Query the bundled SQLite lookup data

from onflow_location_platform.database import get_data, query

print(get_data(fields=["province", "ward"], table="admin_units", limit=5))
print(query("SELECT province, ward FROM admin_units LIMIT 5"))

Public API

parse_address_new(address, keep_street=True, level=2)

Parse a Vietnamese address in the 2025 34-province structure into an AdminUnit.

  • keep_street=True keeps street text when enough address segments are available
  • level=1 parses province
  • level=2 parses ward and province

parse_address_old(address, keep_street=True, level=3)

Parse a Vietnamese address in the legacy 63-province structure into an AdminUnit.

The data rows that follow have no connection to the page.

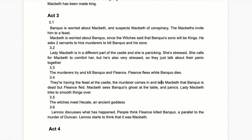In 3.3, the murderers attempt to kill Banquo and his son Fleance. Fleance escapes but Banquo dies. This leaves the prophecy still potentially valid — Banquo was told he'd never be king but that his son would, and his son still lives.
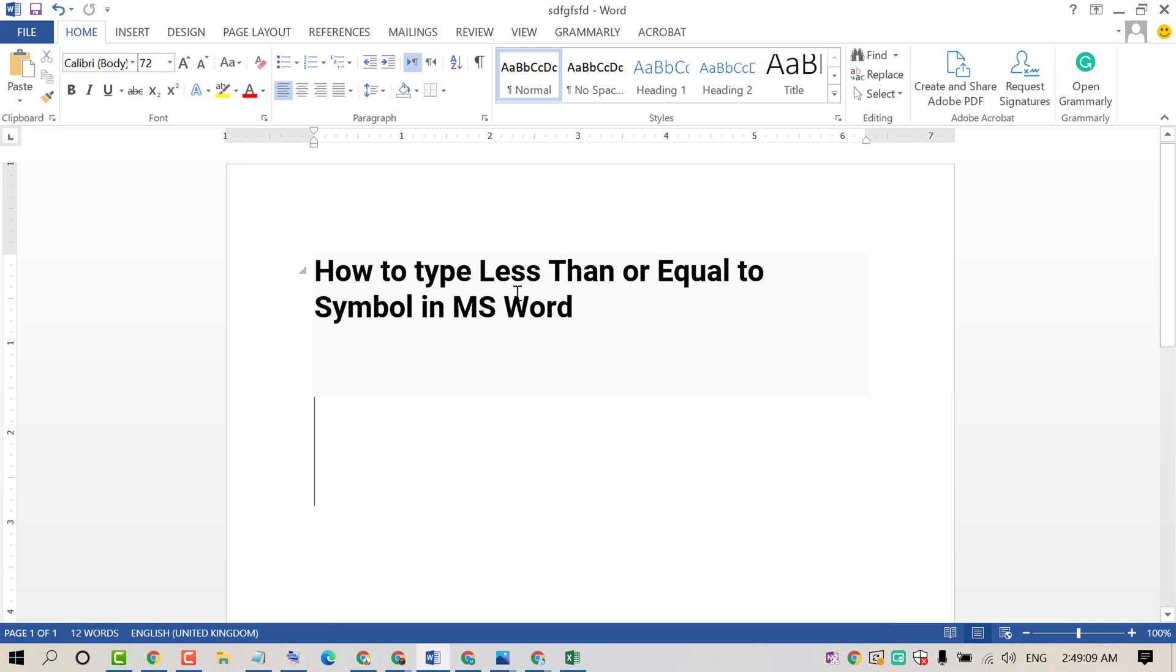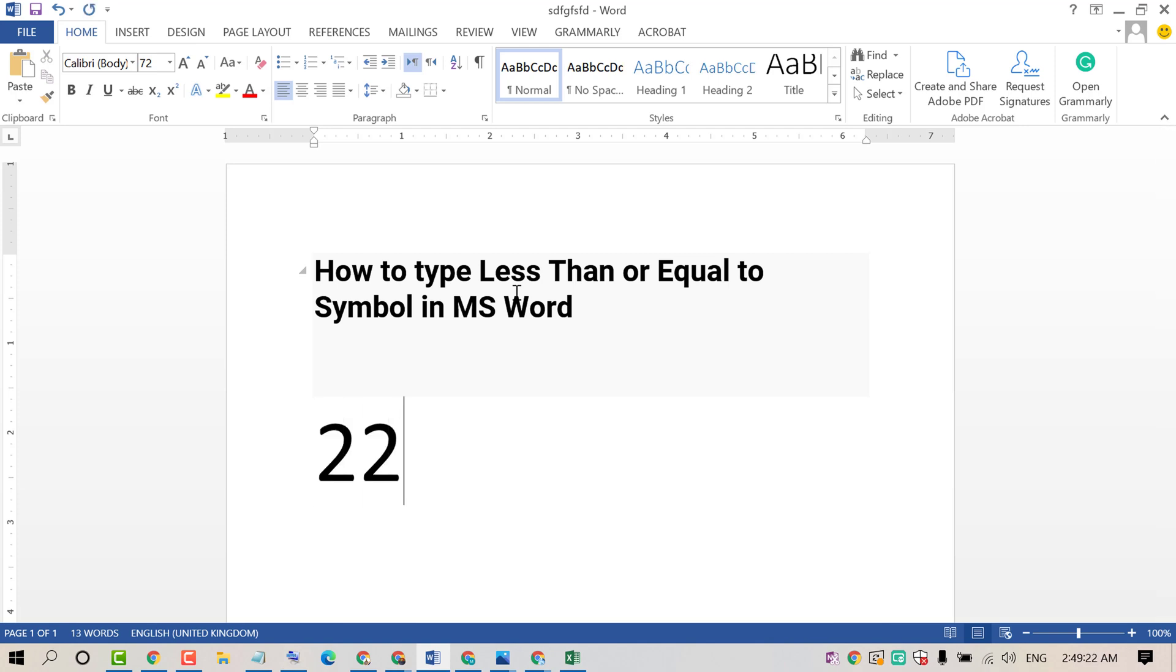If you need to insert and type the less than or equal to sign, firstly type the number 2264, then press Alt key plus X.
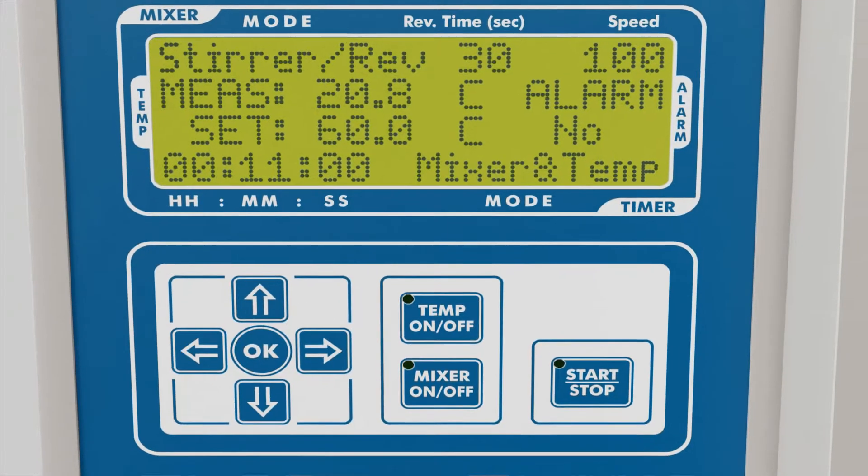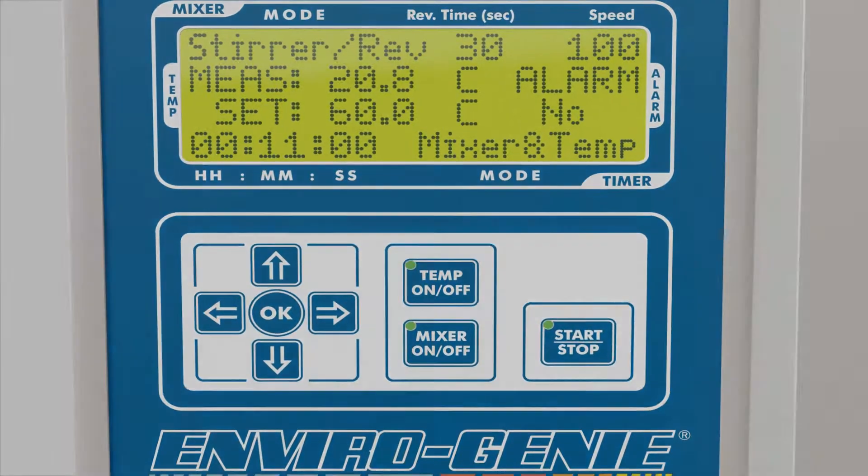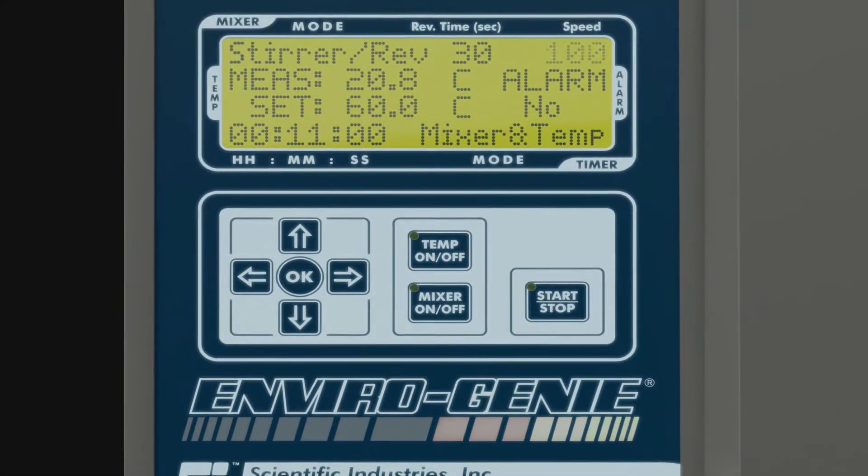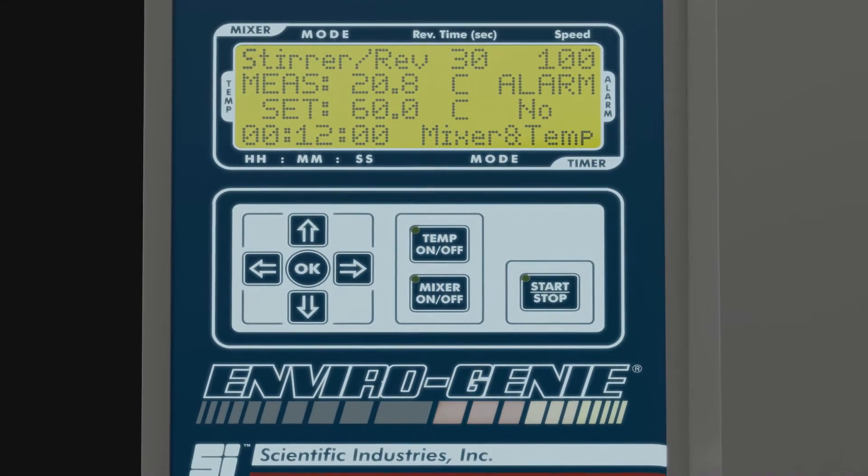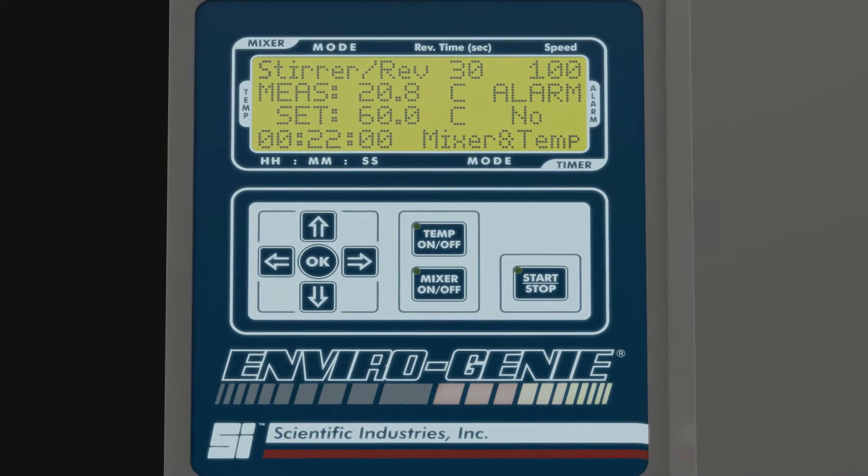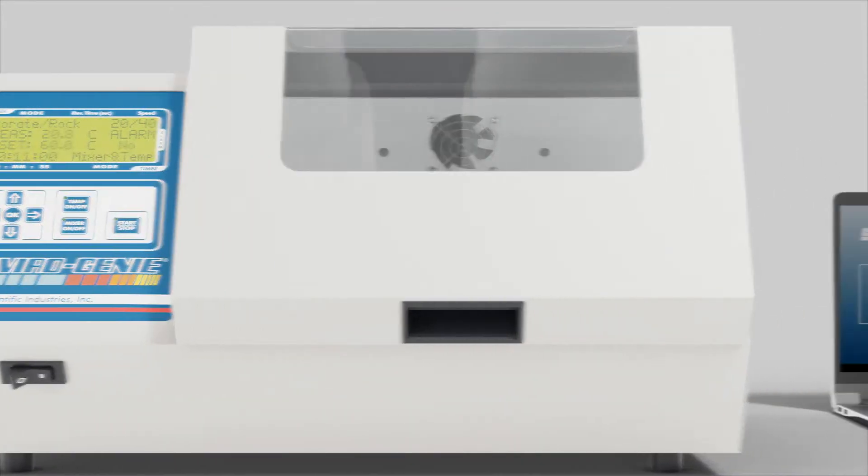Configuring your Enviro is effortless. Program your set points, speed and run time through our intuitive and easy to use interface.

  • keep_street=True keeps street text when enough address segments are available
  • level=1 parses province
  • level=2 parses district and province
  • level=3 parses ward, district, and province

convert_address_old_to_new(address)

Convert a legacy-format address into a normalized AdminUnit in the 2025 structure.

convert_address_old_to_new_by_code(provide_code, district_code, ward_code, address=None)

Convert legacy administrative codes to the 2025 structure without any text parsing. Accepts the three legacy numeric primary-key codes stored in a database.

  • provide_code — legacy province numeric code (e.g. 79)
  • district_code — legacy district numeric code (e.g. 760)
  • ward_code — legacy ward numeric code (e.g. 26737)
  • address — optional raw address string attached to the returned AdminUnit
  • both int and str inputs are accepted; leading zeros are added automatically
  • raises KeyError if any code is not found, or ValueError if the codes are inconsistent (district does not belong to province, ward does not belong to district)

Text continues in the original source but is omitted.